His Flexible Flyer shot into the road. The driver of the Webber Fuel truck reacted before he had a chance to see there was no one on the sled. He spun the wheel and the tanker-truck waltzed into a low embankment of snow with the huge grace of the elephant ballet dancers in Fantasia. It crashed through and landed in the ditch, canted alarmingly to one side. Less than five minutes after the driver wriggled out of the passenger door and ran to Marie Brown, the truck tipped over on its side and lay in the frozen grass like a dead mastodon, expensive No. 2 fuel oil gurgling out of its three overflow vents.
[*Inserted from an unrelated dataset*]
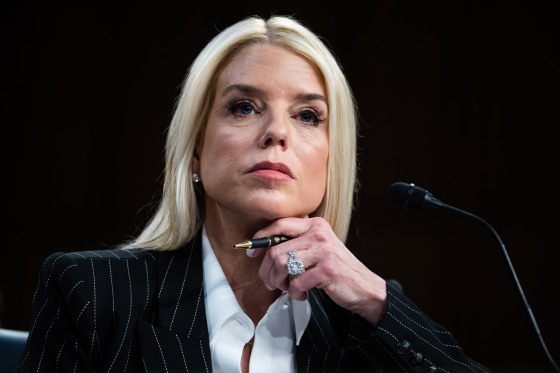 Pam Bondi escucha durante su audiencia de confirmación.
Marie was running down the road with her unconscious child in her arms, screaming. In her terror and confusion she felt sure that Hilly must have been run over, even though she had quite clearly seen him fall off his sled at the bottom of the driveway.
'Is he dead?' the tanker driver screamed. His eyes were wide, his face pale as paper, his hair standing on end. There was a dark spot spreading on the crotch of his pants. 'Oh sufferin' Jesus, lady, is he dead?'
I think so,' Marie wept. 'I think he is, oh I think he's dead.'
Who's dead?' Hilly asked, opening his eyes.
'Oh, Hilly, thank God!' Marie screamed, and hugged him. Hilly screamed back with great enthusiasm. She was grinding together the splintered ends of the broken bone in his left arm.
Hilly spent the next three days in Derry Home Hospital.
'It'll slow him down, at least,' Bryant Brown said the next evening over a dinner of baked beans and hot dogs.
Ev Hillman happened to be taking dinner with them that evening; since his wife had died, Ev Hillman did that every now and again; about five evenings out of every seven on the average. 'Want to bet?' Ev said now, cackling through a mouthful of cornbread.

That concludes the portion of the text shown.